Sebelum kesenjangan persediaan kayu legal ini mampu dipenuhi, Kementerian Lingkungan Hidup dan Kehutanan diharapkan merevisi strategi pembangunan kehutanan dengan memasukkan beberapa unsur yang sangat penting: di antaranya tidak memperkenankan adanya peningkatan kapasitas pengolahan, tidak menambah izin baru industri kehutanan dan meningkatkan produktivitas HTI.

"Meskipun masih menjadi bagian yang relatif kecil dalam ekonomi nasional, "penguasaan" sektor kehutanan di Indonesia sangatlah kuat. Luas konsesi kehutanan kini masih mencakup lebih dari seperlima dari seluruh negeri atau sekitar 35 juta hektar (bahkan sepertiga luas daratan Indonesia pada 1990an)," sebagaimana kesimpulan dari laporan tersebut.
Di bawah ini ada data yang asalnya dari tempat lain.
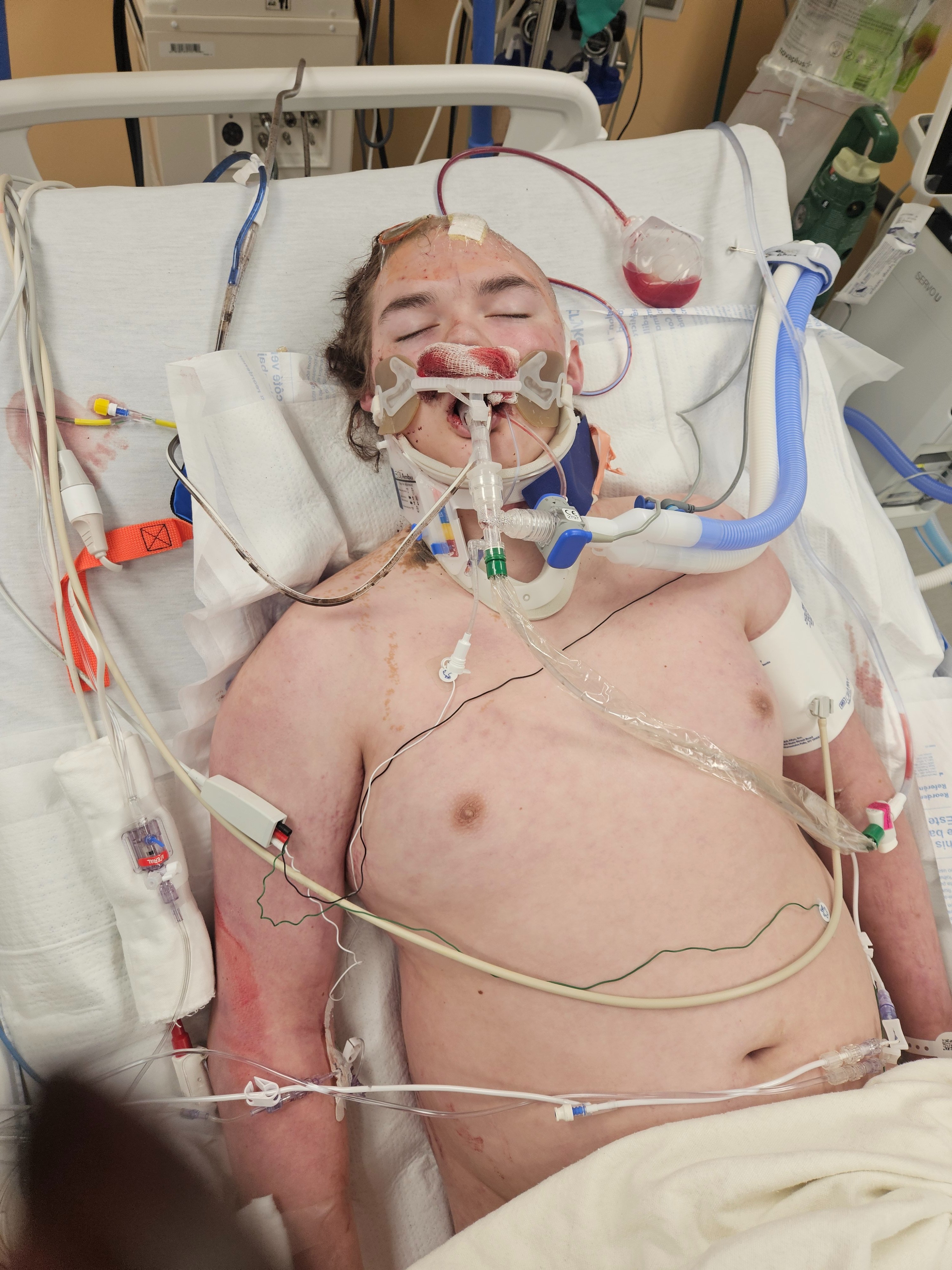 Support Kaezden After Traumatic Injury campaign photo, 4 of 8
Konsesi kehutanan disebut juga sarat konflik sosial karena sebagian besar kawasan tersebut masih diklaim oleh masyarakat adat dan masyarakat setempat lainnya. Terlebih lagi, tingkat korupsi dan manajemen buruk juga mengancam keberlanjutan ekonomi dan lingkungan, merugikan pemerintah sebanyak milyaran dollar setiap tahunnya melalui kerugian royalti, serta merendahkan kemampuan Indonesia dalam upaya pengurangan emisi Gas Rumah Kaca (GRK), dimana setengahnya berasal dari kegiatan terkait kehutanan, seperti pembukaan hutan, terutama di lahan gambut.